Unemployment Compensation Board of Review v. Buss

Opinion by

Judge Crumlish, Jr.,

This is an appeal by Charles Buss (Claimant) from a decision and order of the Unemployment Compensation Board of Review (Board) which denied unemployment compensation by affirming the order of the referee.

Claimant was last employed by the United States Postal Service as a nixie clerk. When the central mark-up system where he worked was transferred to another city, he did not move with the system and entered into leave status. Prior to his going on non-paid leave, Claimant had been given the choice of taking either annual or sick leave status, both of which he refused. Claimant has maintained that despite his physical limitation caused by rheumatoid arthritis, he is nevertheless able to work.

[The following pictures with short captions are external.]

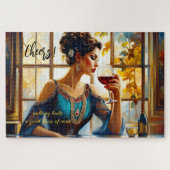 おもしろいファインアートレッドワインパズル ジグソーパズル (横)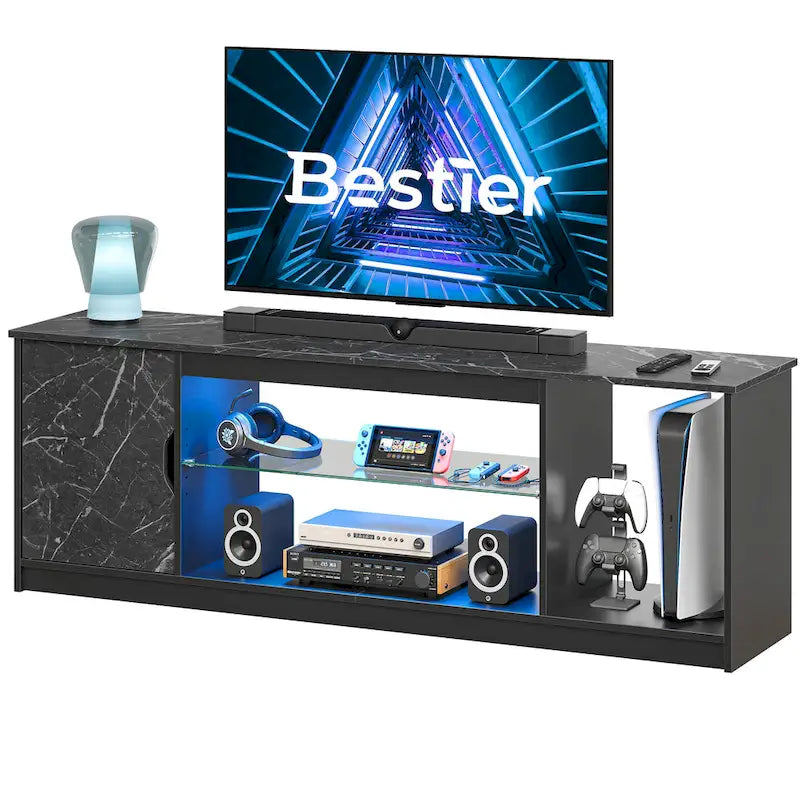 Modern TV Stand for up to 65 TVs Gaming Entertainment Center with Adjustable Shelves for PS5 - 58 inches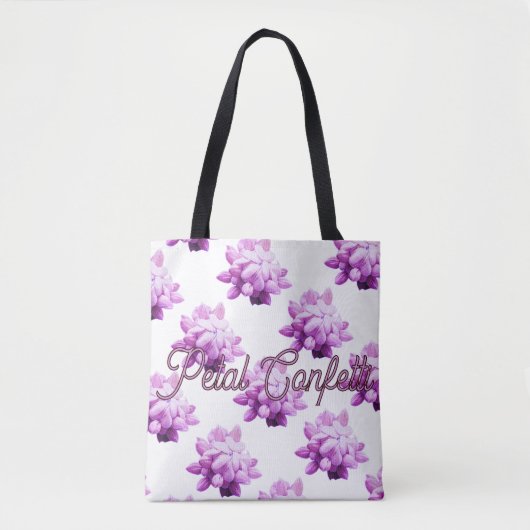 Personalisiert Pink Blume Confetti Tasche (Vorderseite)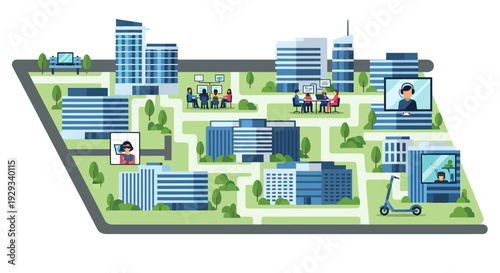 Hybrid Work City Map: Remote Teams, Office Collaboration, Smart Technology & Urban Connectivity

The Board sustained the referee’s reversal of the Bureau of Employment Security’s determination that Claimant was eligible for benefits. Upon Claimant’s request for reconsideration, the Board ordered a remand hearing. After a review of the testimony taken during the remand hearing, the Board reaffirmed its decision.

The sole question presented is whether the Board erred in affirming the determination made by the referee, who found that Claimant is not unemployed and hence is not entitled to unemployment compensation under the appropriate sections of the Unemployment Compensation Law1 (Law).

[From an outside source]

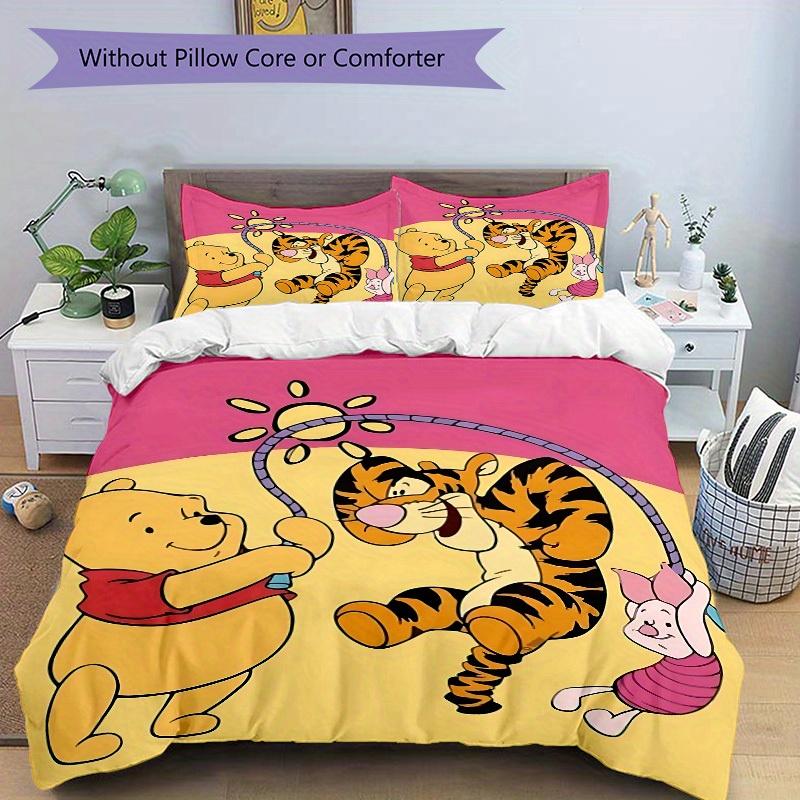 3pcs set Pooh Bear Tigger1pc of quilt cover+2pcs of pillowcase, no core, print bedding, All Seasons Bedroom Setting035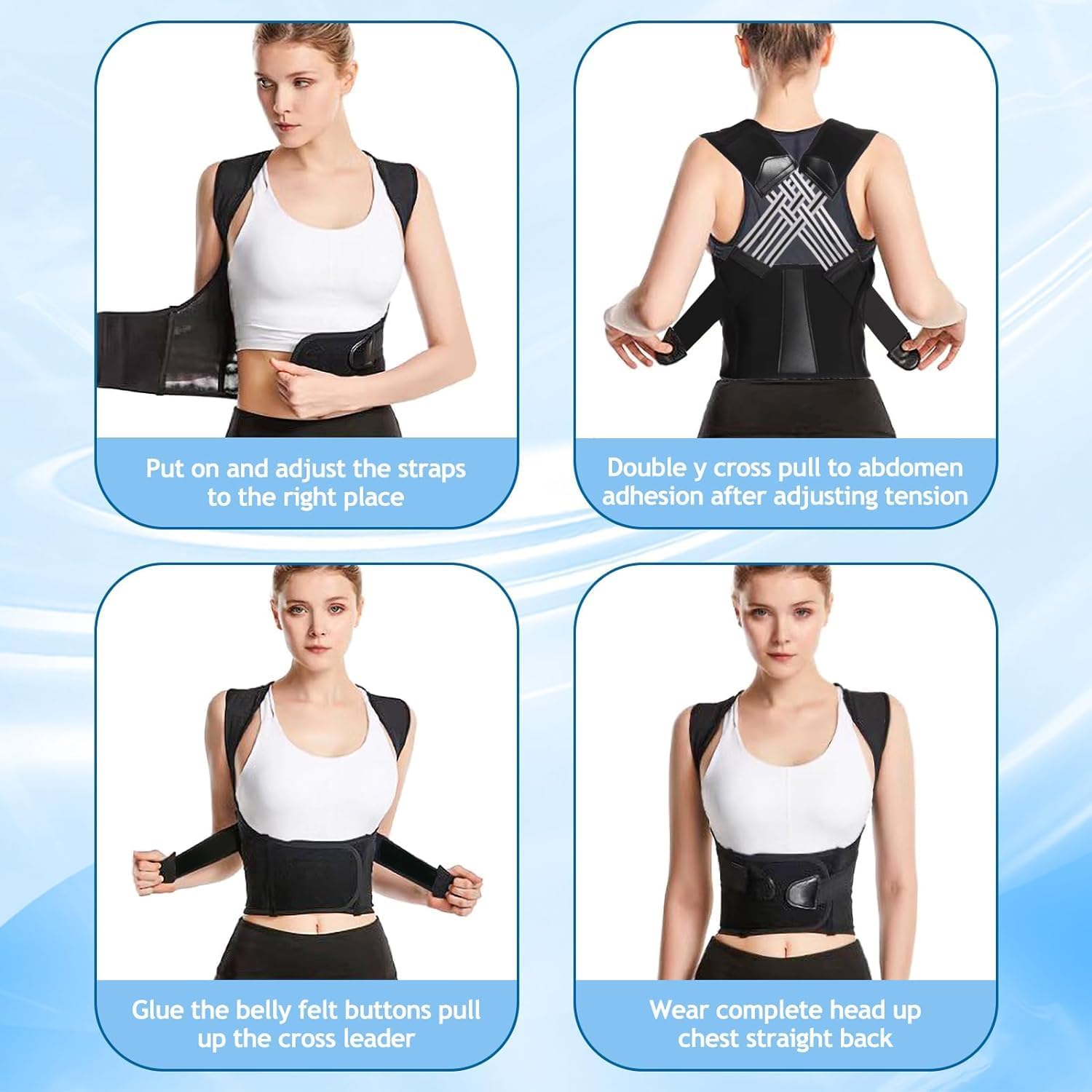 COLEESON Posture Corrector for Men and Women, Comfortable Upper Back Brace, Adjustable Back Straightener Support for Shoulder, Neck and Back - Comfort Style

The fundamental social purpose of the Unemployment Compensation Law is to provide relief from the rigors of unemployment, that is, to alleviate economic distress in individual cases. Unemployment Compen*163sation Board of Review v. Department of Labor and Industry, 203 Pa. Superior Ct. 336, 201 A.2d 310 (1964); Neff v. Unemployment Compensation Board of Review, 195 Pa. Superior Ct. 4, 169 A.2d 338 (1961).

A further tenant of the Law is to help solve involuntary unemployment and its resulting burden of indigency, and the fund is to be used for the benefit of persons unemployed through no fault of their own. Charney v. Unemployment Compensation Board of Review, 194 Pa. Superior Ct. 402, 168 A.2d 604 (1961).

In the case at bar, Claimant was on non-paid leave status, a status he chose. His employment with the Post Office was not terminated. While pension payments do not constitute wages within the Law, the receipt of a pension will not disqualify an employe from receiving unemployment compensation if he meets the other requirements of the Law. Keystone Mining Co. v. Unemployment Compensation Board of Review, 167 Pa. Superior Ct. 256, 75 A.2d 3 (1950). Claimant, if he chose paid leave status, would not be receiving pension payments. If we are to categorize these payments, they are similar to vacation pay. In Sopko v. Unemployment Compensation Board of Review, 168 Pa. Superior Ct. 625, 82 A.2d 598 (1951), a claimant was disqualified from receiving benefits for weeks in which he received vacation pay.

In Gianfelice Unemployment Compensation Case, 396 Pa. 545, 555, 153 A.2d 906, 911 (1954), our Supreme Court set the standard for us to determine whether a claimant is entitled to benefits if, at the same time, he is eligible to receive other remuneration. The late Justice Cohen, speaking for the Supreme Court, wrote:

“Under sec. 4(u) of the act, 43 P.S. §753 (u), an individual is deemed unemployed if he performs no remunerated services during the claim week and if he is paid or owed no remuneration with respect to *164Such week. Here, G-ianfelice certainly has performed no services for which he was compensated; so he has qualified under the first condition. As to the second— that he he paid or owed no remuneration with respect to the claim week — the act is devoid of a definition of ‘remuneration’. .. ‘Remuneration’ is generally defined as a payment for services performed. . . .”

This standard is applicable to this case. As in Qianfelice, Claimant has performed no services for which he was compensated during the claim weeks, thereby satisfying the first condition, but he falls under the demands of the second condition. Claimant was entitled to annual and/or sick leave pay for services performed. This leave pay, which he chose not to accept, accrued to him as a result of services performed. Since he is owed remuneration for the claim weeks, the Board did not err when it denied Claimant unemployment compensation benefits.

We therefore

Order

And Now, this 20th day of August, 1976, the decision and order of the Unemployment Compensation Board of Review is hereby affirmed.

Section 401 as defined by Section 4(u) of the Unemployment Compensation Law, Act of December 5, 1936, Second Ex. Sess., P.L. (1937) 2897, as amended, 43 P.S. §753(u), 801.